I've been reading "must-read" book for all Java developers, namely "Effective Java (2nd Edition)" by Josh Bloch and I was just reading "Optimize judiciously" chapter. In the same time I was doing some Java EE development and I encountered a problem with Struts2 file upload capabilities. I found a solution and posted it to my private blog: http://java2jee.blogspot.com/2008/09/solution-to-struts2-upload-file-error.html. "This has nothing to do with the optimization", you may think - and I thought the same but it's wrong assumption.

After few days I received a comment to this post from anonymous user with an "optimized solution". The author of this post wanted to optimize this line of Java code:

if (string.contains(
"the request was rejected because its size")) {
with this code:

public static Pattern REJECTED_FILE_SIZE_PATTERN
= Pattern.compile(".*reject.*size.*");
...
if (REJECTED_FILE_SIZE_PATTERN.matcher(string).matches()) {


I always considered myself as a seasoned Java developer (hopefully it is still true :) but after receiving this comment I was quite worried. "Why I'm not using regular expressions to check strings? Isn't it much faster", I thought. I was even thinking: "Maybe it's time to become a manager? - my Java/technical knowledge is deteriorating..."
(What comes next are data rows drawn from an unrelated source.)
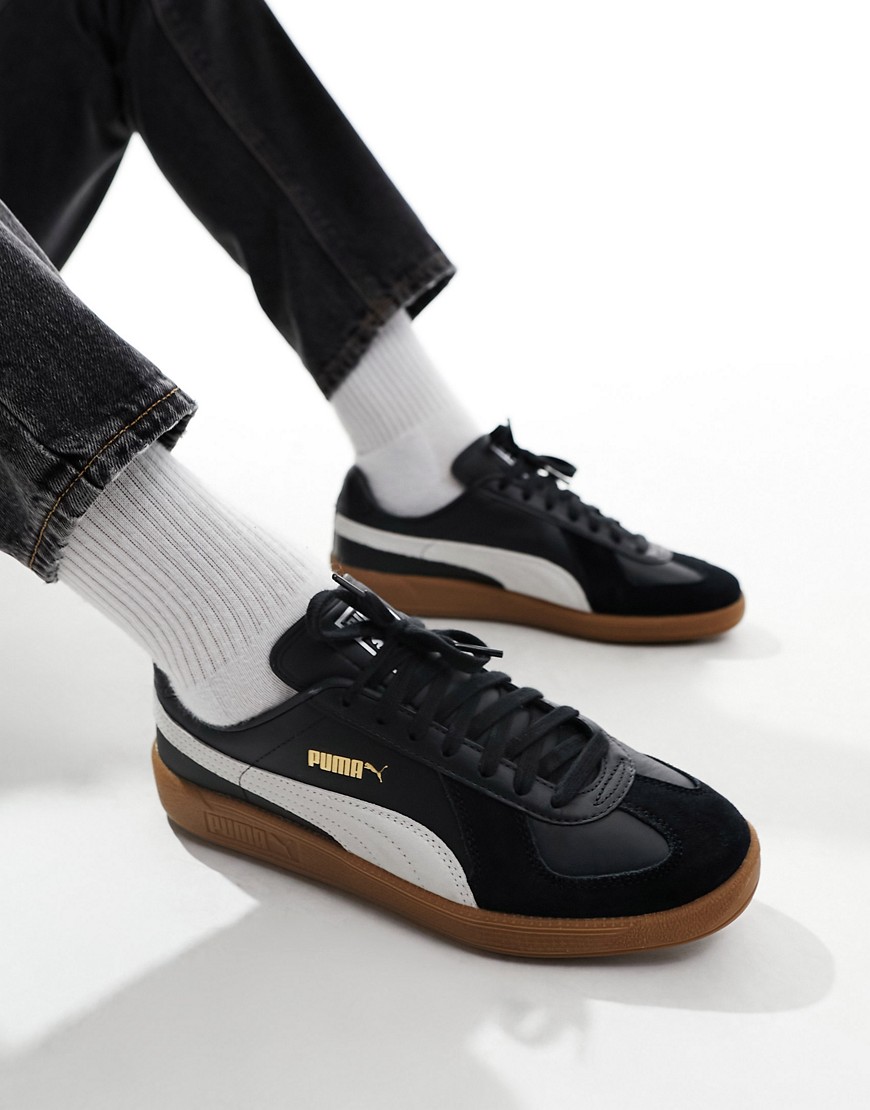 Puma Army trainers in black and white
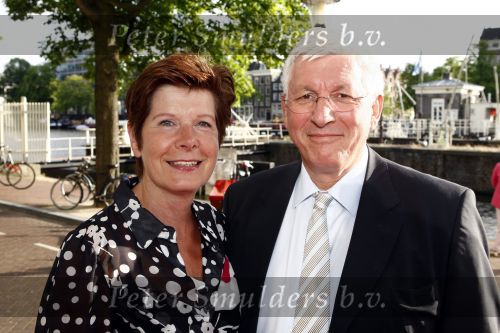 Amsterdam 16 juli 2008
Premiere Bolshoi Ballet in Carre. 
Joop Daalmeijer met Maartje v Weegen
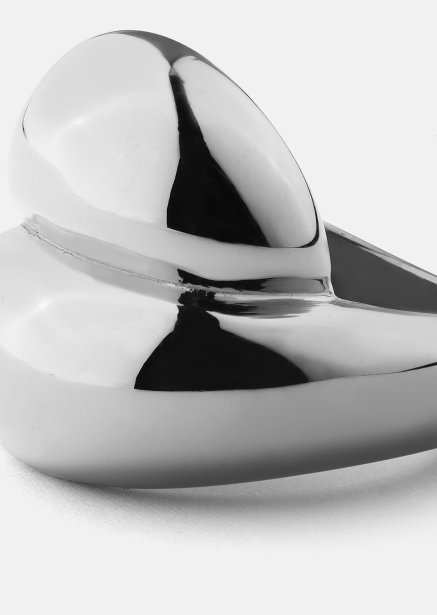 Sormus Bold Flow - 18k Hopeoitu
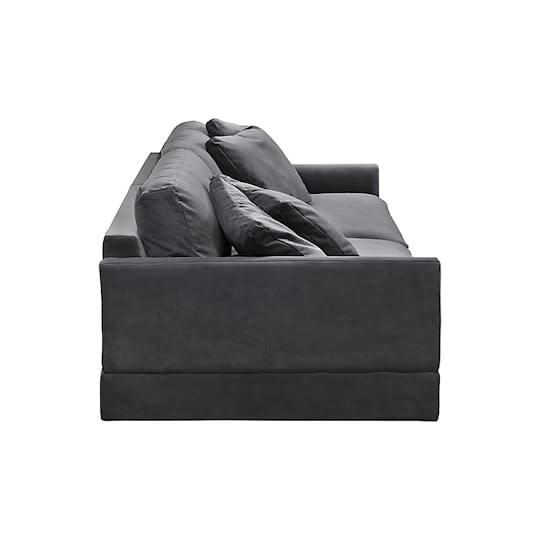 Nordic Home Leah 4-seter Sofa Fløyel Grå 324 cm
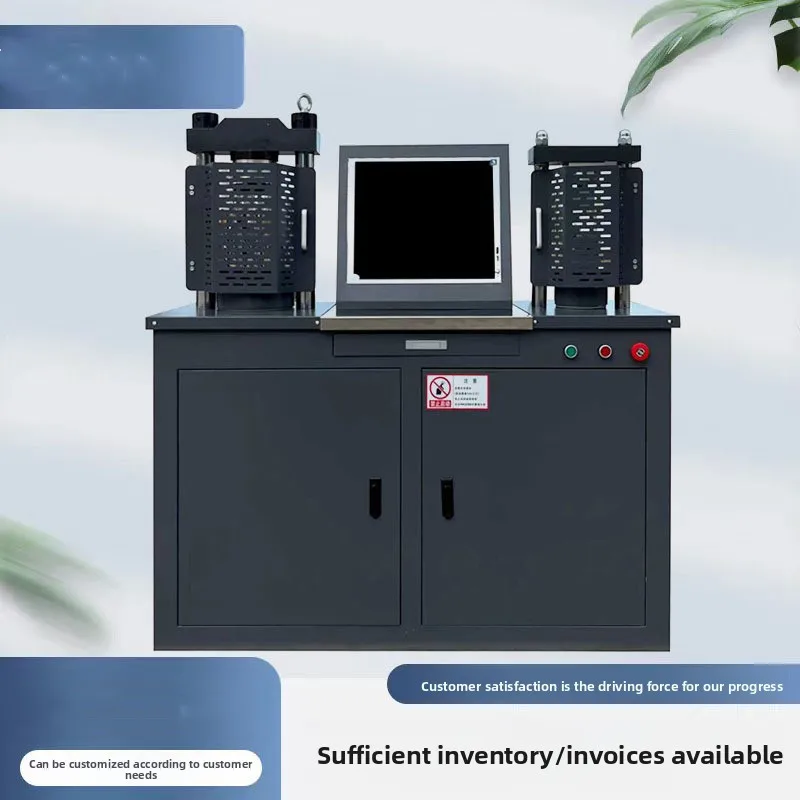 Automatic Electro-Hydraulic Cement Mortar Specimen Testing Machine for for test Compressive and Flexural Strength of Cement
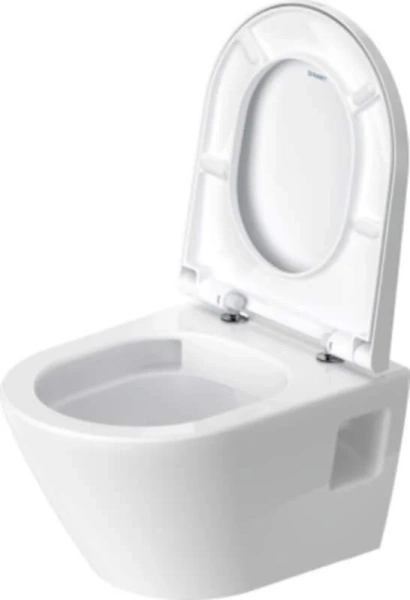 Унитаз подвесной Duravit D-Neo белый, с горизонтальным, прямым выпуском, с прямым выпуском - фото 7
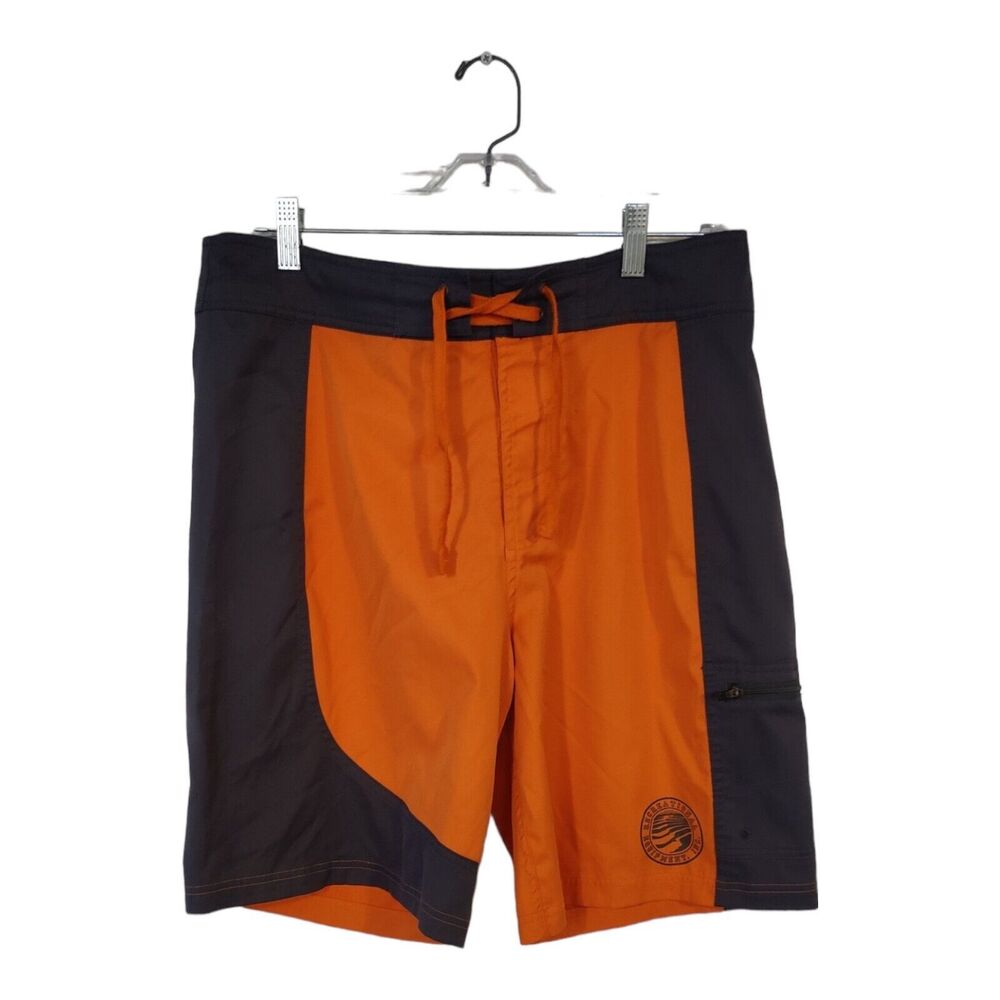 REI Co-Op Swim Trunks Shorts Men's 34 Surf Paddleboard Water Orange Gray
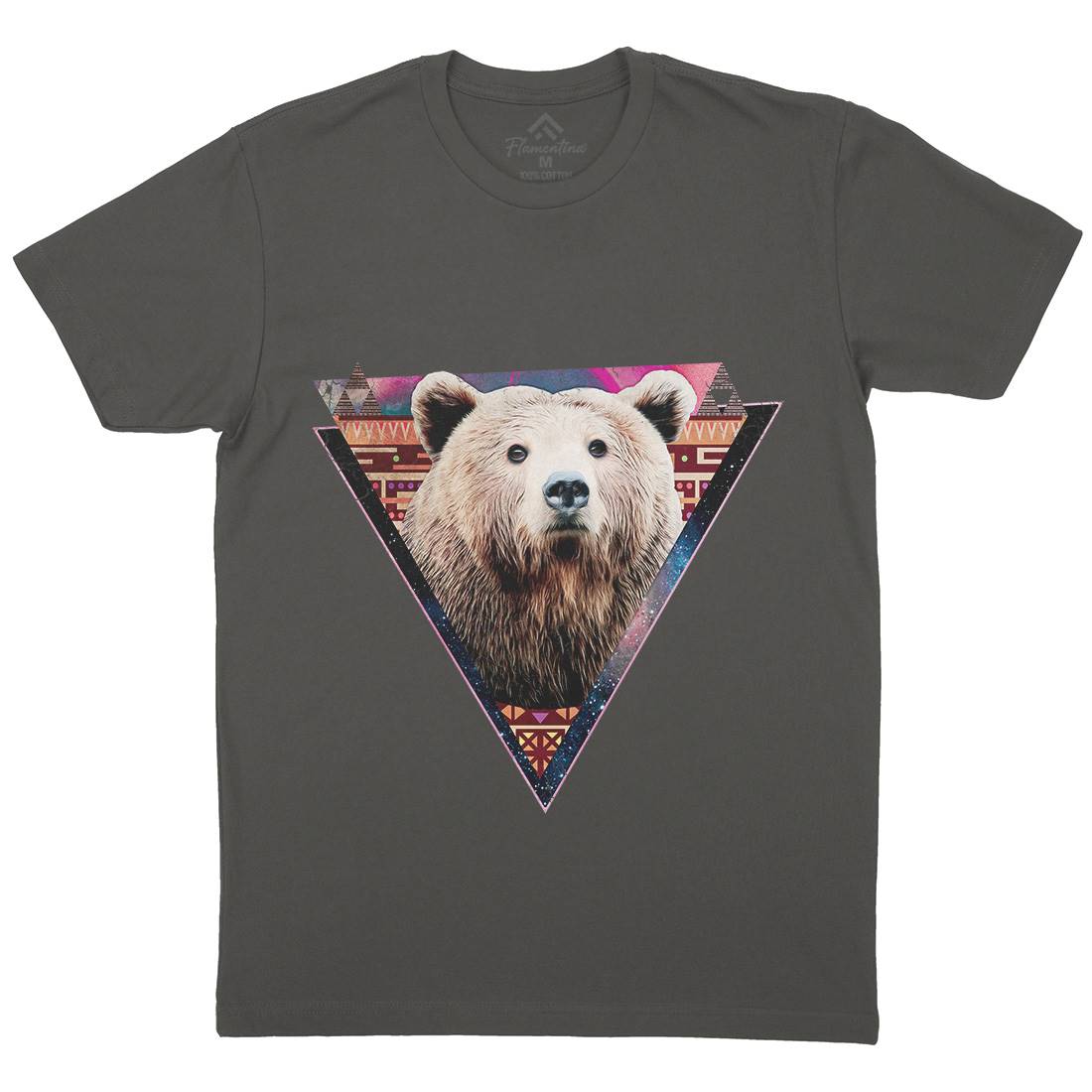 Hip Bear Mens Crew Neck T-Shirt Space A846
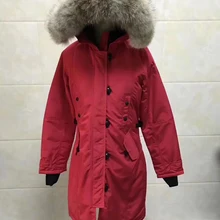 Зимняя куртка, женская белая куртка на утином пуху, теплая-40 degree, женское пуховое пальто, высокое качество, большой меховой воротник, с капюшоном, женские пуховые парки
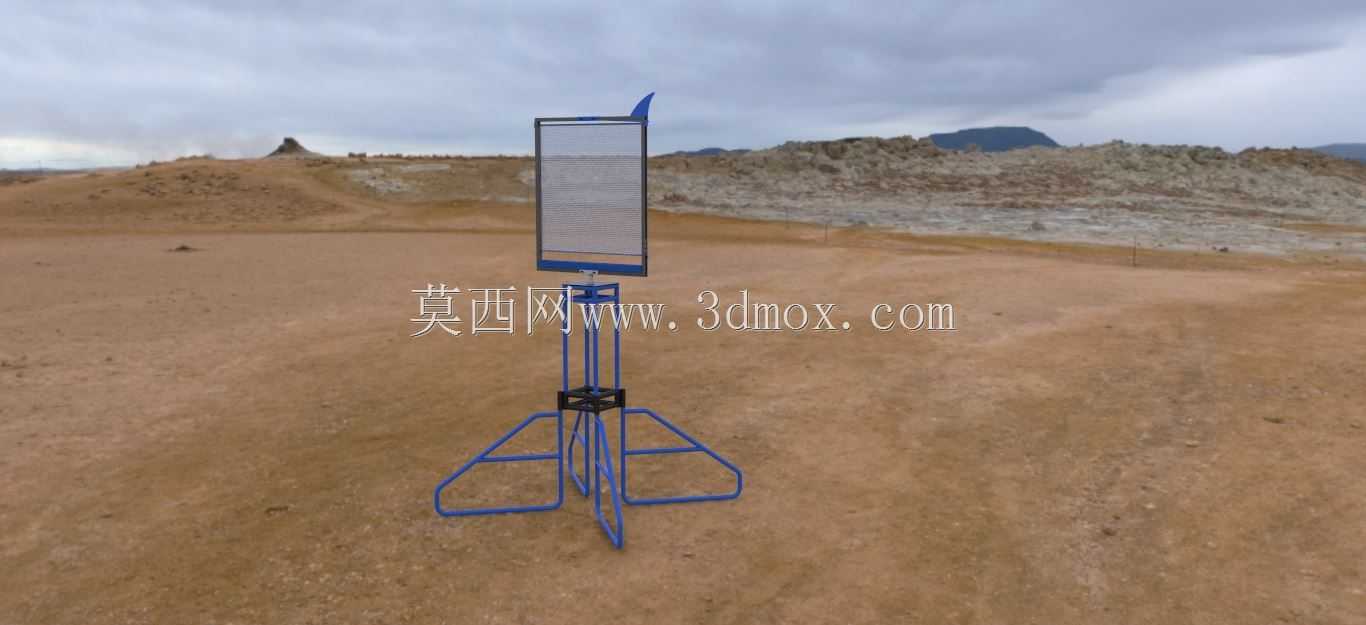 带有旋转框架的集雾器。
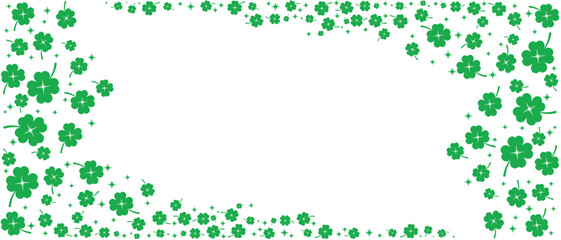 clover leaf background st patrick's day with transparent background vector eps 10
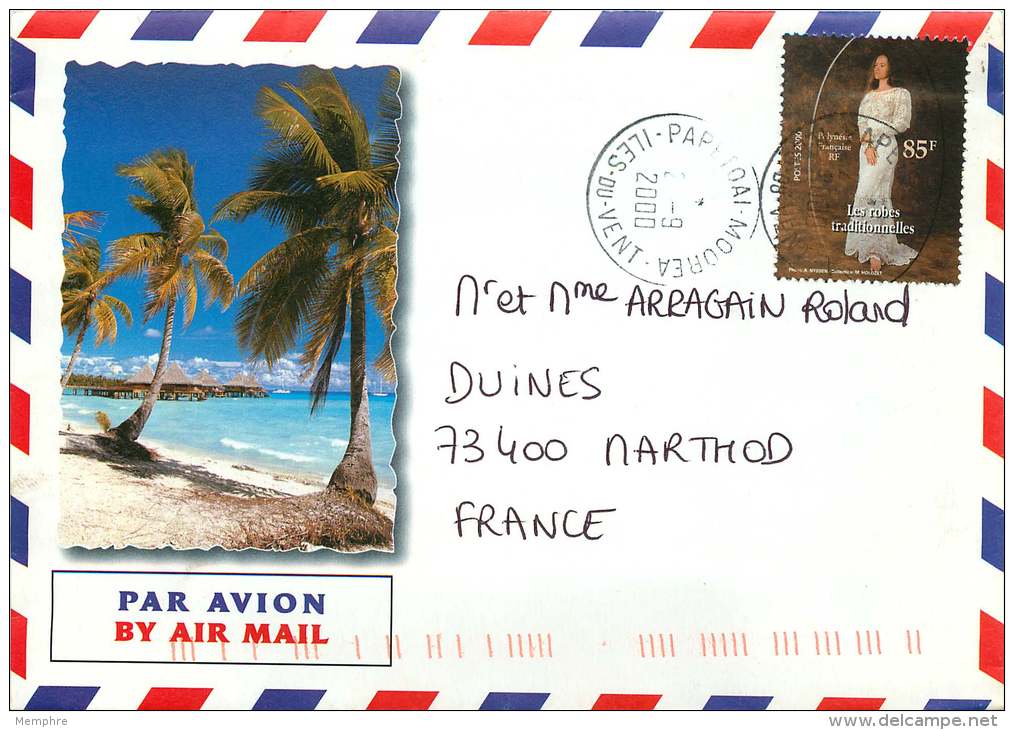 20001 Lettre Avion Pour Les USA  Yv625 (Robes Traditionnelles) - Storia Postale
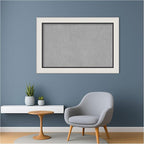 Amanti Art Silver Framed Magnetic Board 26x38 Large Vision Board - Image 5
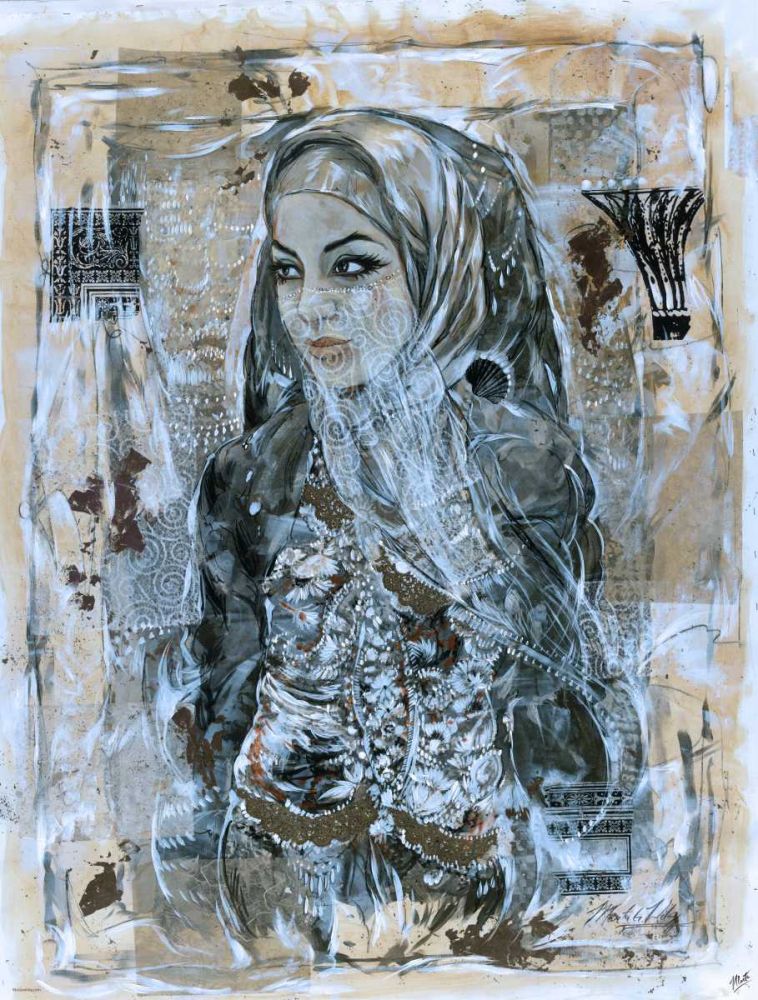 Dubai blue highlights art print by Marta Wiley for $57.95 CAD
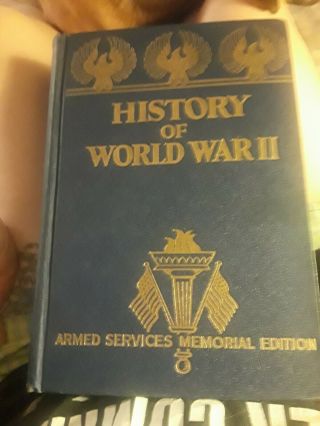 Vintage 1945 History Of World War Ii Armed Services Memorial Edition Book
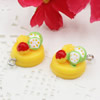 Fashion Resin Cake Pendants & Charms For Children DIY Jewelry Necklace & Bracelet Accessory 15mm ,Sold by PC
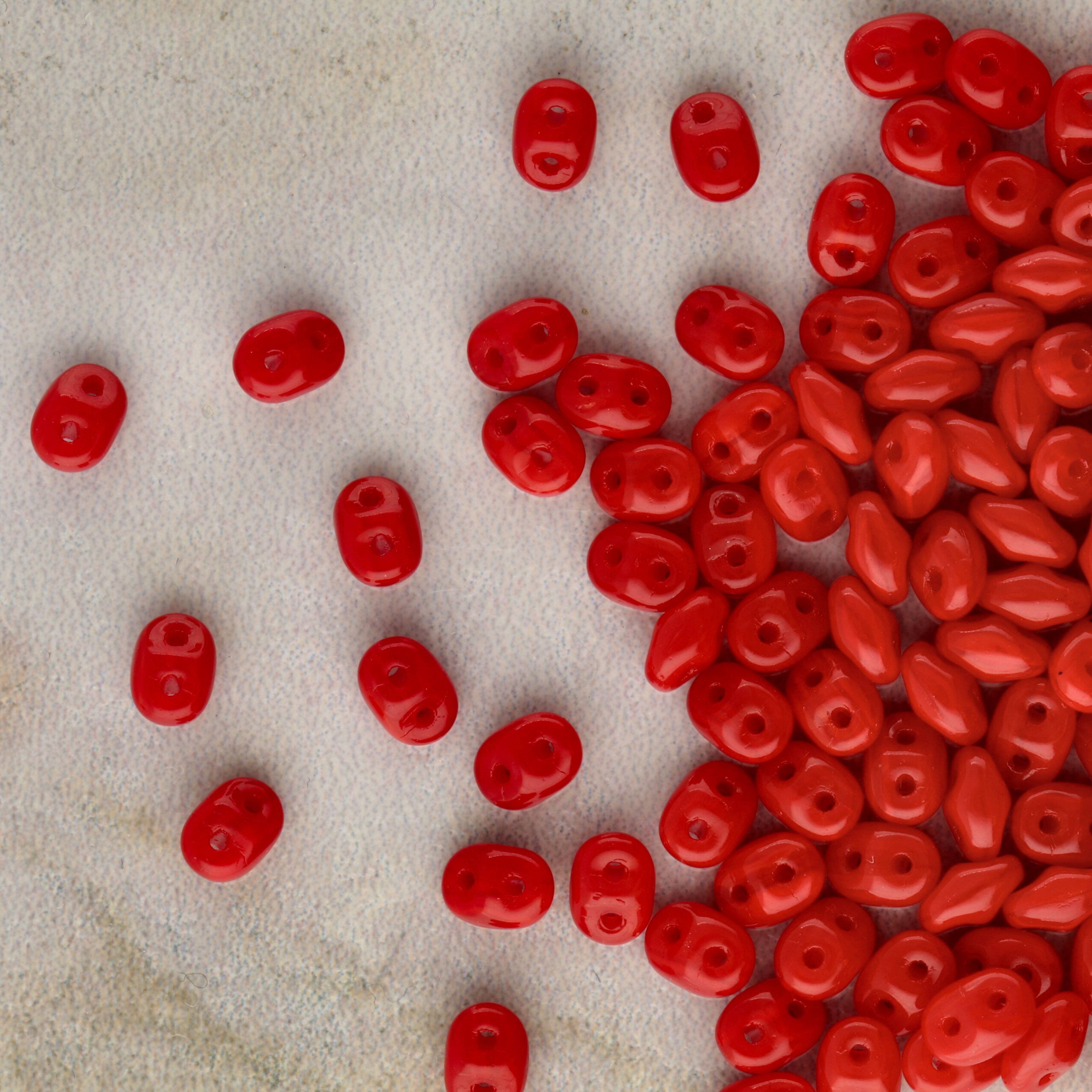 Superduo Two-Hole Czech Glass Beads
"But hey! I will not let it go like this" - I thought. I wrote a simple Java program to test the performance of both solutions:

import java.util.regex.Pattern;

public class Test {
public static void main(String[] args) {
int count = 1000000;
Pattern p = Pattern.compile(".*reject.*size.*");
String matching = "the request was rejected because"
+ "its size (1234) some other text";

long start = System.currentTimeMillis();
for (int i = 0; i < count; i++) {
if (matching.contains(
"the request was rejected because its size")) {
// do nothing
}
}
System.out.printf(
"contains() matching: %dms%n",
System.currentTimeMillis() - start);

start = System.currentTimeMillis();
for (int i = 0; i < count; i++) {
if (p.matcher(matching).matches()) {
// do nothing
}
}
System.out.printf(
"matches() matching: %dms%n",
System.currentTimeMillis() - start);
}
}
On my machine the standard contains() solution is 50 to 80 times faster than the solution with regexp matcher. What a disastrous effect this could have when applied in the whole application! I can't even imagine.

When I took a look at the contains() method implementation I saw that it operates on the char array (i.e. underlying array that creates the String object). It is fast! And it is the simplest and the most obvious method to call in this situation. It even makes the code more readable and tangible than with the regexp matcher. I see only the advantages.

The conclusion is simple: DON'T OPTIMIZE YOUR CODE AND USE THE SIMPLEST POSSIBLE SOLUTIONS - THEY WORK!

... and stay with them


Joshua Bloch cites these guys:

More computing sins are committed in the name of efficiency (not necessarily achieving it) than for any other single reason - including blind stupidity. (William A. Wulf)


We should forget about small efficiencies, say about 97% of the time: premature optimization is the root of all evil. (Donald E. Knuth)


We follow two rules in the matter of optimization:
   Rule 1. Don't do it.
   Rule 2 (for experts only). Don't do it yet - that is, not until you have a perfecly clear and unoptimized solution.
(M.A. Jackson)

What else I can add? Actually, nothing. I just showed that each of the quotes above is true on the real example.

To rephrase Joshua Bloch: Never focus on optimizing your software. If you write good and logically structured code your software will be probably optimized by itself. Use well known, standard libraries and use the most basic features that meet your requirements - the optimization and quality will follow.

Do you have similar adventures with sub-optimal solutions? Maybe you disagree with me? I would gladly read your opinions.